The ACC Coastal is the most unpredictable division in college football, so it should come as no surprise that Pitt emerged late in the season to win it. Pitt is now the sixth different team over the past six years to represent the Coastal in the ACC championship game. The task, of course, is not an easy one: No. 2 Clemson awaits in Charlotte, North Carolina. But there is a little bit of history between the two schools, history Dabo Swinney probably wants to forget. In 2016, Pitt went on the road as 21-point underdogs and beat Clemson 43-42 in Death Valley.

Unlike in Pitt's case, Northwestern's division was considered anything but wide open to begin the year. Wisconsin, the West Division's heavyweight, had played in five of the previous seven Big Ten title games. Despite winning their last seven league games in 2017, the Wildcats were picked to finish anywhere between second and sixth in their division heading into the season. No one would have predicted that Pat Fitzgerald & Co. would have locked up a trip to Indianapolis two weeks before the end of the regular season. Fitzgerald decided to keep some of his starters on the sideline in their season finale and said he has used some extra time to do advance planning for possible championship game opponents. Northwestern could use the leg up against Ohio State. The Buckeyes have won 30 of the past 31 meetings between the two schools dating back to 1972.

Here's how the most unlikely conference title game participants found their way to division titles:

Pittsburgh

Preseason prediction: Fifth in ACC preseason media poll; 2 percent chance of winning ACC Coastal, per FPI

Stumbling out of the gate: Pitt played perhaps the most difficult nonconference schedule in the nation, with games against Penn State and UCF in September. The Panthers got routed in both, unraveling in the second half against the rival Nittany Lions to lose 51-6, then falling two weeks later to UCF 45-14. Squeezed in between was an inexplicable loss to North Carolina, the worst team in the Coastal Division. That turned out to be North Carolina's only win in ACC play.

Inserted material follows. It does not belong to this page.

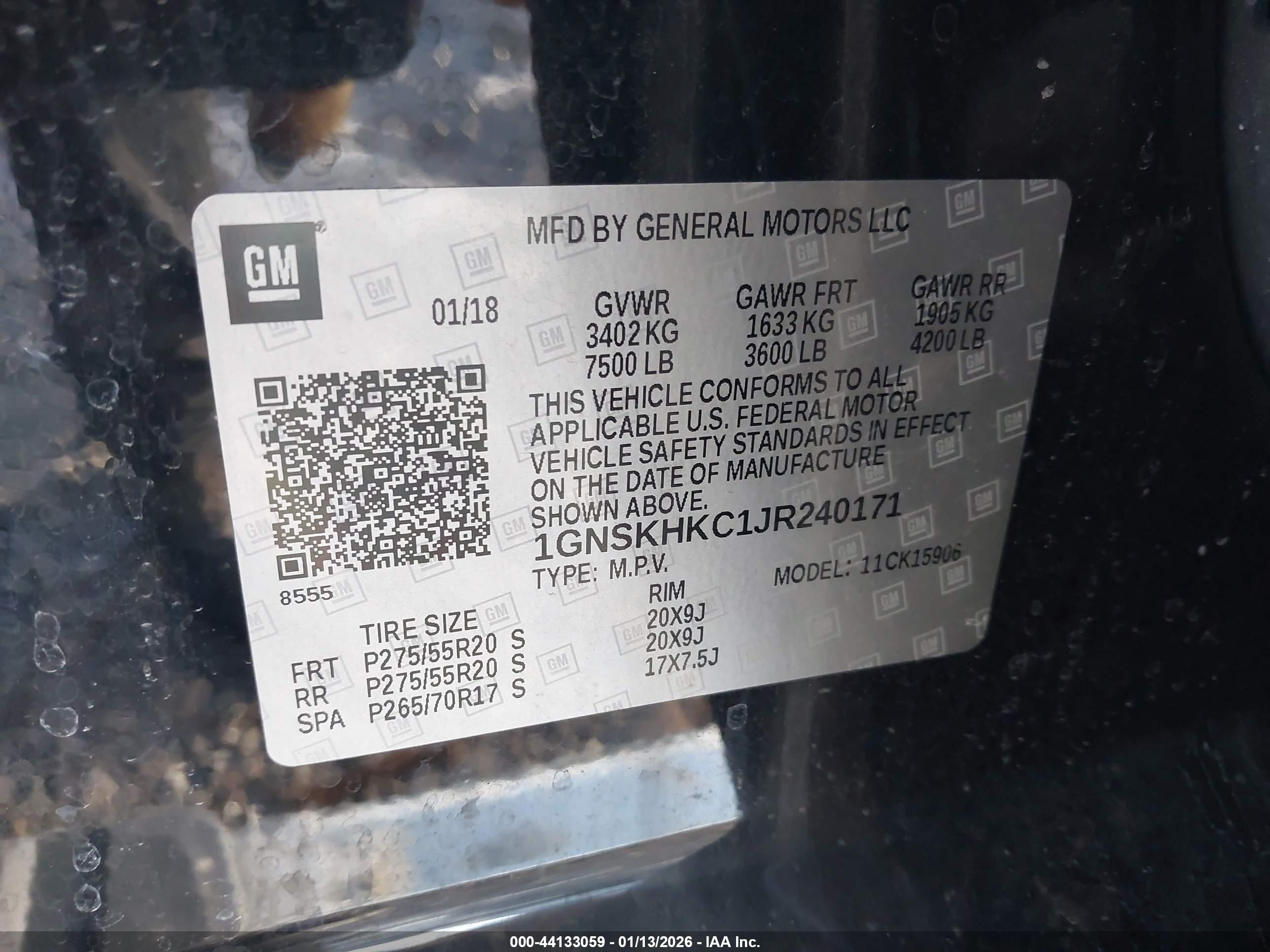 CHEVROLET SUBURBAN image 9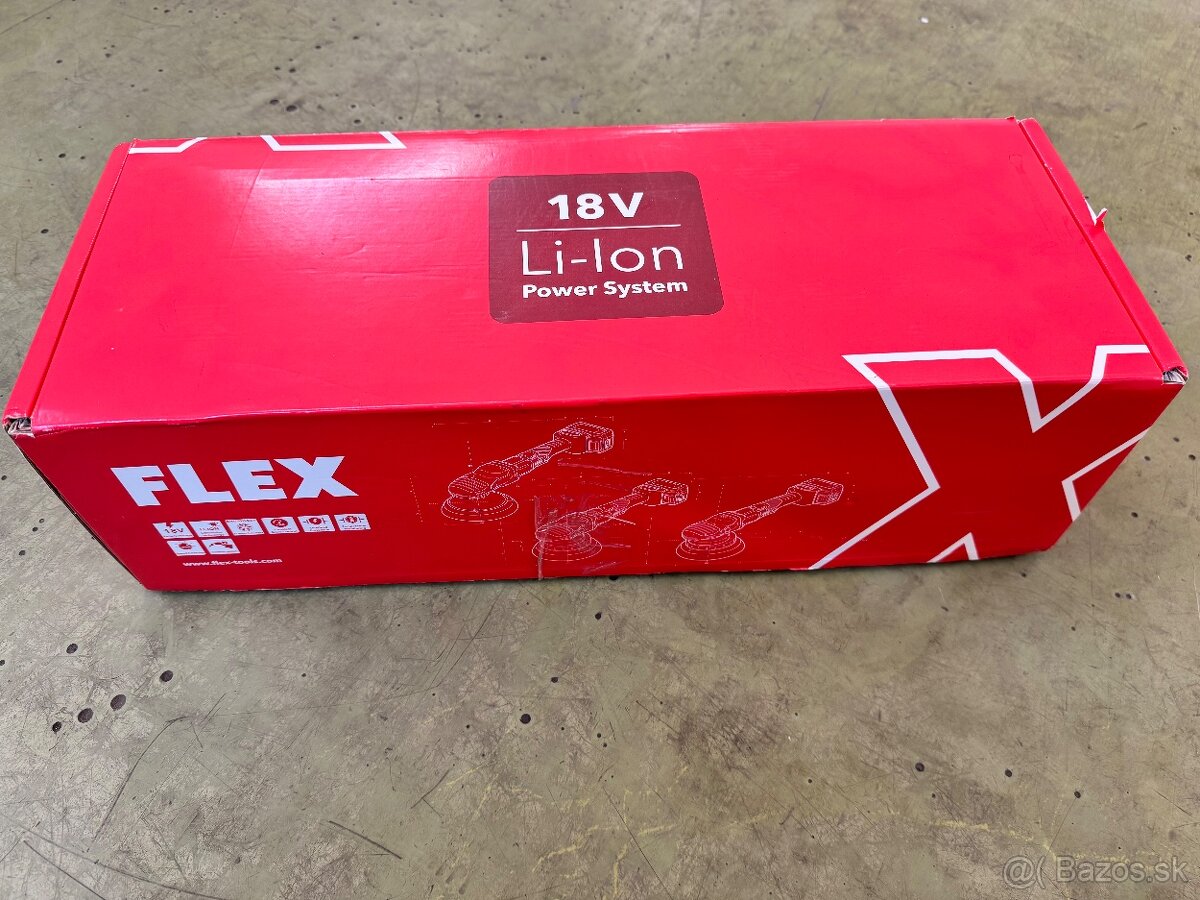 Leštička Flex PE 150 18-EC - 13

Pitt opened the season 2-3. To start October, ESPN FPI gave the Panthers a 0.1 percent chance to win the Coastal.

So you're saying there's a chance: Pitt went on the road to play Notre Dame, and not many people gave the Panthers a shot. Pitt led going into the fourth quarter before losing 19-14. Even though they lost, something sparked in the Panthers. They reeled off four straight wins, but none bigger than a Friday night nationally televised game at then-No. 25 Virginia. Heading into their matchup, Virginia was the FPI favorite to win the Coastal. But Pitt dominated, rushing for 254 yards while holding the Cavaliers to just 44 on the ground. Pitt, always a ground-and-pound team, started to dominate in the trenches on both offense and defense, and that momentum carried it through its next several victories.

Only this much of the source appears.